Año 2025, Roberto Savio asumió otro desafío global …. desarrollar una Sede Académica de la Universidad para la Paz de Naciones Unidas en Roma, con la misión es estudiar el impacto de la Inteligencia Artificial en la Sociedad. En ese contexto de los 45 años de la Universidad para la Paz, de Naciones Unidas, esta Institución lo distinguió con el premio a la Promoción de la Libertad de Información.
La conciencia generada sobre una visión y proyección global, desde la reunión con Zhou Enlai – quién le salvo su vida – se ha proyectado en una fecunda articulación diplomática, que ha posibilitado articular y mejorar las plataformas de comunicación globales y multinacionales, con carácter inclusivo global.
Epílogo
La historia de Roberto está atravesada por encuentros que no son meras anécdotas, sino puntos de inflexión de la historia contemporánea. Conoció y trató con gran cantidad de presidentes, primeros ministros, cancilleres y dirigentes de la sociedad civil de casi todo el mundo, siempre con la idea de fundar un orden internacional basado en el diálogo, la equidad, la no intervención, la igualdad jurídica de las naciones y la autodeterminación de los pueblos. Fue un verdadero activista de una ética global, que suponía valores universales y un sistema internacional basado en reglas.
Entre los muchos reconocimientos internacionales quiero recordar el Premio Hirosima por la Paz que le fuera conferido en 2013. Pero lo que más impresiona de su trayectoria no es lo que hizo o protagonizó, sino lo que sigue diciendo y haciendo. A sus muchas tareas como editor de Other News, Miembro del Comité de Rectores de la Universidad para la Paz de la ONU, su decisivo aporte a la creación del Tribunal Penal Internacional (TPI), su lucha inquebrantable por el ambientalismo, los desafíos de la inteligencia artificial, la brutal concentración de la riqueza, contra el armamentismo que resta recursos al desarrollo, la reconstrucción y actualización de las Naciones Unidas y la causa de la Paz en el mundo; se agrega su lúcida y constante prédica que sostiene la coherencia de una trayectoria que nunca ha separado información y ética de la responsabilidad.
Me gustaría concluir este tributo a Roberto Savio citando alguna de sus últimas declaraciones: “Hemos entrado en un mundo en que todos los valores están desapareciendo. Los únicos valores son ahora los de las Bolsas. Entonces me pongo en lugar de los niños que al nacer llegan al mundo con una deuda de 40.360 euros de deuda, que seguirá creciendo, porque nadie puede pagarla. Entonces, ¿cuál es la lógica?".

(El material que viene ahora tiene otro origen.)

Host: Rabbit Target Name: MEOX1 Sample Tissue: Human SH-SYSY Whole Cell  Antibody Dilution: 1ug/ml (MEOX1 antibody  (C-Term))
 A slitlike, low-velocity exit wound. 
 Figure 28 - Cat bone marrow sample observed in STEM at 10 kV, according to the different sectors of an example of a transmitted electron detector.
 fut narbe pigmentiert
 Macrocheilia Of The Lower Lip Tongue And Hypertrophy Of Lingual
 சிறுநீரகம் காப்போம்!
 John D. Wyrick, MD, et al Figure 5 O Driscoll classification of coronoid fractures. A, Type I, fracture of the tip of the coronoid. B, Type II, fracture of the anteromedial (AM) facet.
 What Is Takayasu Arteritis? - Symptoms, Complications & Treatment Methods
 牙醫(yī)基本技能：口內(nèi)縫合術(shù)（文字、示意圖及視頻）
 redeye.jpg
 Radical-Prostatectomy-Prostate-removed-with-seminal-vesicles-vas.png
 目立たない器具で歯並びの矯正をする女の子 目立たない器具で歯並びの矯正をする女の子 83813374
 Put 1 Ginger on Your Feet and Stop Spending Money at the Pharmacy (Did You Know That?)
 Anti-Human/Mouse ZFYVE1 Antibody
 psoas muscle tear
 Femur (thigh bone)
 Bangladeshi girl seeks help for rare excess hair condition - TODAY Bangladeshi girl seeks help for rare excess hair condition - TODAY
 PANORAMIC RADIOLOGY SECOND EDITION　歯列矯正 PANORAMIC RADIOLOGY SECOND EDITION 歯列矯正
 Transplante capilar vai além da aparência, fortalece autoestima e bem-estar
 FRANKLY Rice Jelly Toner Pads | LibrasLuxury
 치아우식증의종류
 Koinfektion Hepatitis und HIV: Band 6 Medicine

“La lógica es que una sociedad no puede vivir hasta que encuentre instrumentos de cooperación y de diálogo, sobre todo hoy, en un mundo donde todo es posible globalmente, porque la tecnología lo permite. Ya no existen verdaderas barreras lingüísticas, vivimos un mundo en que la homogeneización es muy acelerada. Por tanto, o reencontramos términos de diálogo y cooperación, para hablar entre nosotros o estaremos condenados al conflicto permanente”.
“Hoy lo que cuenta es la capacidad de indignarse, la gente que permanece indiferente ya no es un elemento social útil. Que la gente se indigne, sea de derechas o de izquierdas, pero que participe, se sienta parte de la sociedad y confíe que puede contribuir, en su pequeña medida, a mejorar el mundo. La paz, como decía Gandhi, se construye en las relaciones interpersonales. Es un problema de cultura, es una manera de ver la vida; no es un hecho técnico, es un hecho cultural. Debemos redescubrir la cultura de la paz entre todos nosotros”.
Gracias Roberto, por tu sabiduría, por tu legado y por tu entrega a las mejores causas de la humanidad.